Familial infantile bilateral striatal necrosis is the familial form of infantile bilateral striatal necrosis (IBSN; see this term), a syndrome of bilateral symmetric spongy degeneration of the caudate nucleaus, putamen and globus pallidus characterized by developmental regression, choreoathetosis and dystonia progressing to spastic quadriparesis.
The prevalence of familial IBSN has been estimated at less than 1/1,000,000.
The age of onset varies between 7 months and 15 months. Clinical features include choreoathetosis, dystonia, rigidity, spasticity, dysphagia, optic atrophy, intellectual deficit, developmental regression of motor and verbal skills, failure to thrive, myoclonus, quadriparesis, cerebellar ataxia and nystagmus. The disease has an insidious onset and a slowly progressive downhill course.

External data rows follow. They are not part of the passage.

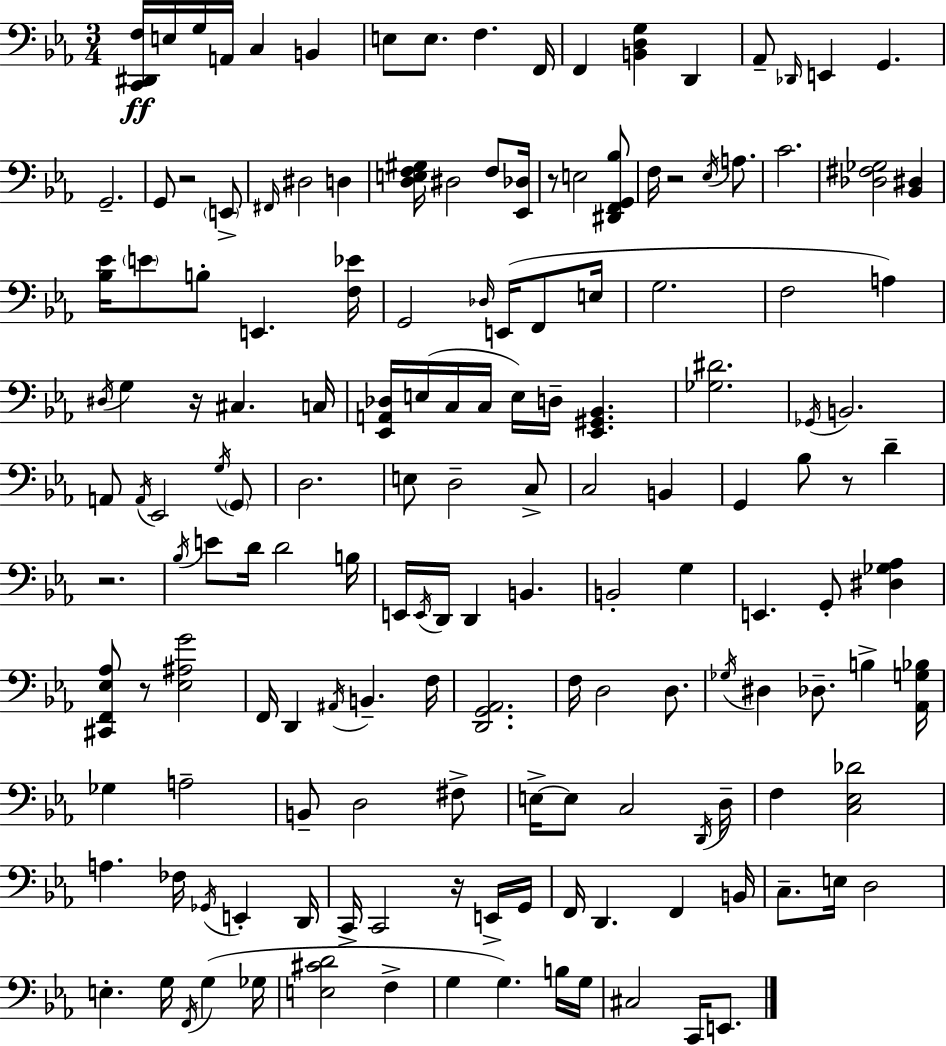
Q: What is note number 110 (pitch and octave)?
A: G2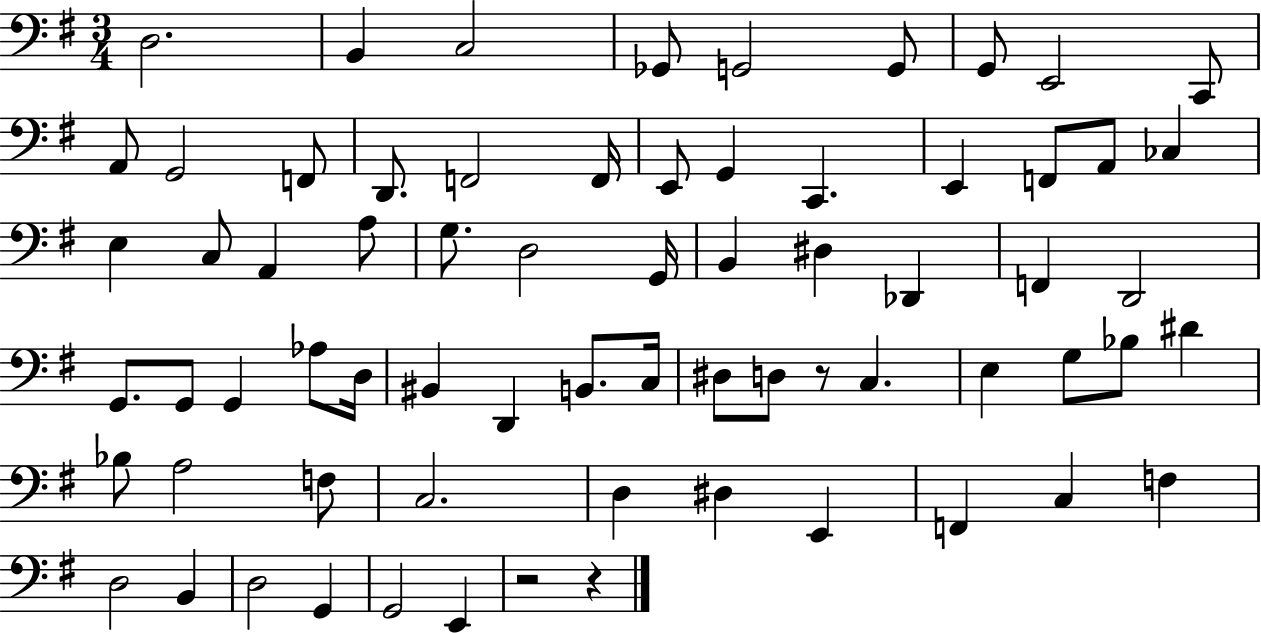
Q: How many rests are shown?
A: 3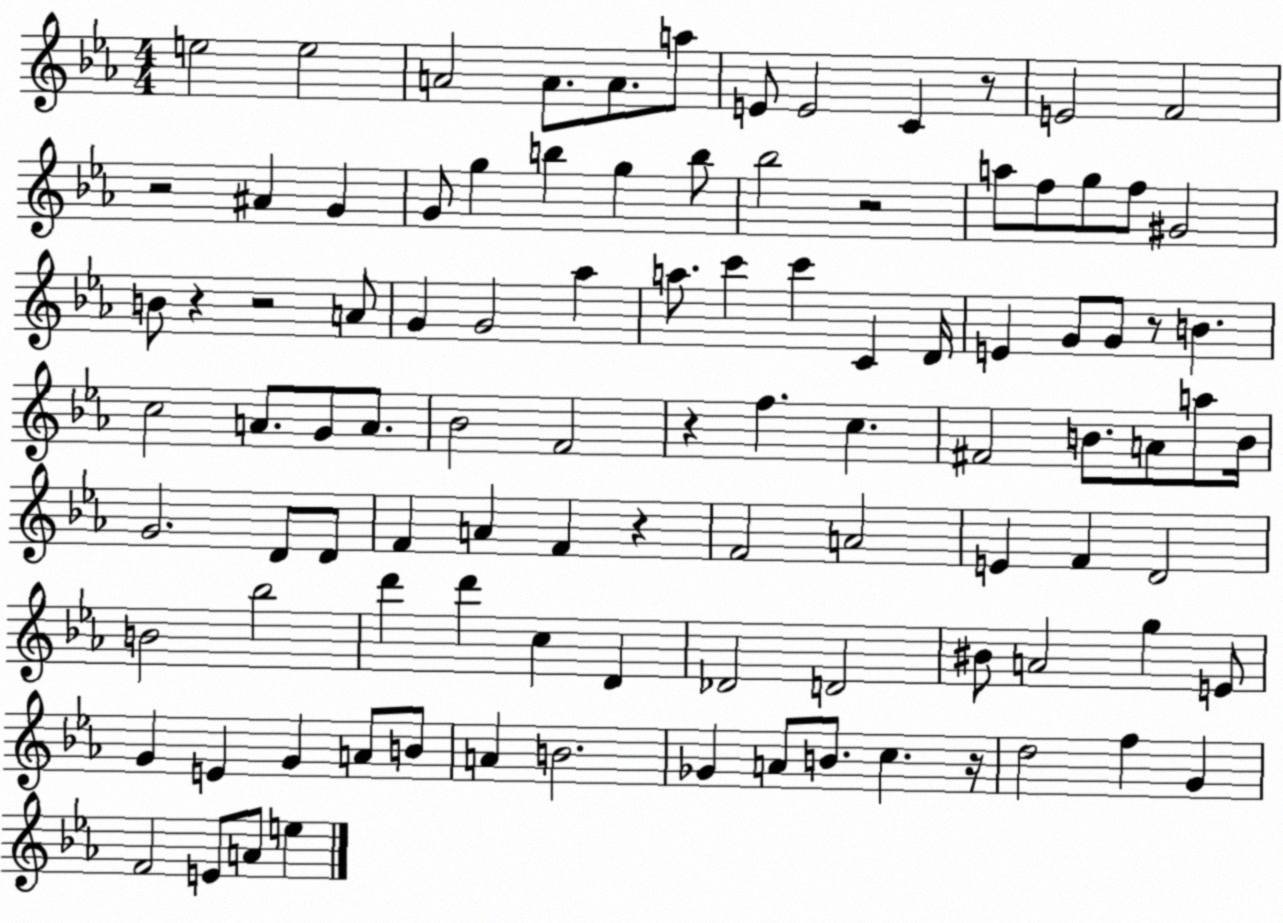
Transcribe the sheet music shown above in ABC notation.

X:1
T:Untitled
M:4/4
L:1/4
K:Eb
e2 e2 A2 A/2 A/2 a/2 E/2 E2 C z/2 E2 F2 z2 ^A G G/2 g b g b/2 _b2 z2 a/2 f/2 g/2 f/2 ^G2 B/2 z z2 A/2 G G2 _a a/2 c' c' C D/4 E G/2 G/2 z/2 B c2 A/2 G/2 A/2 _B2 F2 z f c ^F2 B/2 A/2 a/2 B/4 G2 D/2 D/2 F A F z F2 A2 E F D2 B2 _b2 d' d' c D _D2 D2 ^B/2 A2 g E/2 G E G A/2 B/2 A B2 _G A/2 B/2 c z/4 d2 f G F2 E/2 A/2 e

Autosomal recessive infantile striatonigral degeneration is caused by mutation in the NUP62 gene (19q13.33) and mitochondrial infantile striatonigral degeneration is caused by mutation in the ATP synthase-6 gene (MTATP6).
Diagnosis is based on clinical observation of choreoathetoid movements of the face, trunk and extremities and evidence of basal ganglia degeneration on CT and MRI images.
Differential diagnoses include Wilson's disease, acute disseminated encephalomyelitis, neurodegeneration with brain iron accumulation, Leigh disease, juvenile Huntington chorea, methylmalonic aciduria, guanidinoacetate methyltransferase deficiency, glutaric acidemia I (see these terms), carbon monoxide intoxication, small vessel arteritis and trauma.
Antenatal diagnosis and genetic counseling is offered to families of affected patients.
There is no standard therapy for familial IBSN. Treatment with oral biotin has been observed to slow disease progress initially.
Prognosis is usually poor with patients progressing to spastic quadriparesis followed by death, usually due to infection.